__ABOUT THIS TASK__
In the data below, begin at the line with "Photo - Newly" and stop after the line with "La jugada del"; output those lines exactly and no pictures.

__INPUT DATA__
+---+
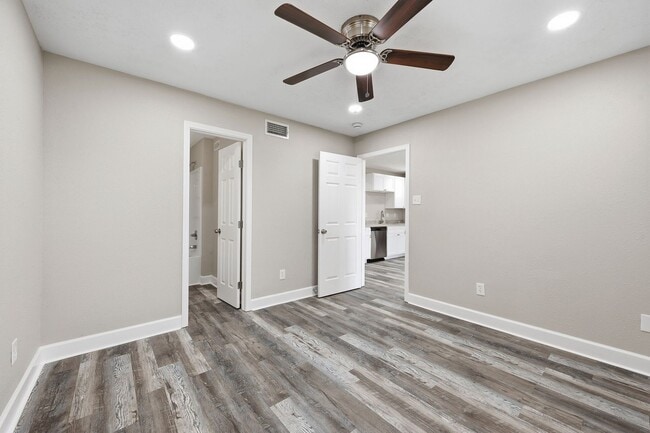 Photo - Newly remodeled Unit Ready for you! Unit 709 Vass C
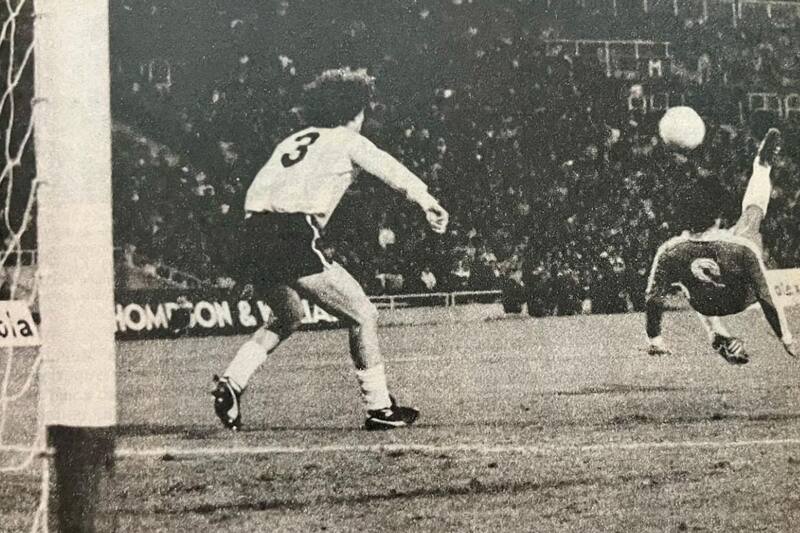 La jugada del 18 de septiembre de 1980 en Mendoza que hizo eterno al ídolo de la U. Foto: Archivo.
+---+
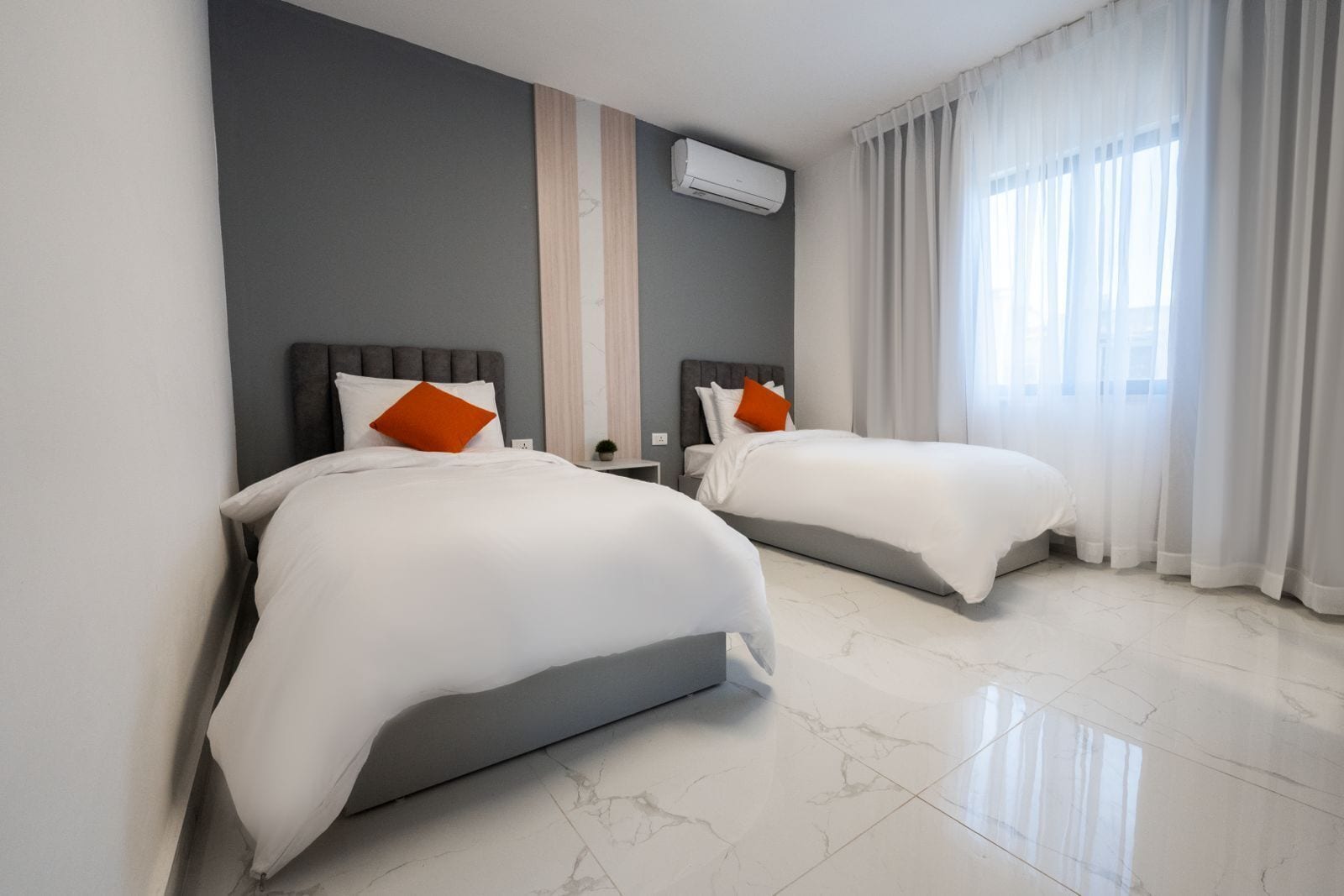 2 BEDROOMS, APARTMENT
+---+
__REPLY__
 Photo - Newly remodeled Unit Ready for you! Unit 709 Vass C
 La jugada del 18 de septiembre de 1980 en Mendoza que hizo eterno al ídolo de la U. Foto: Archivo.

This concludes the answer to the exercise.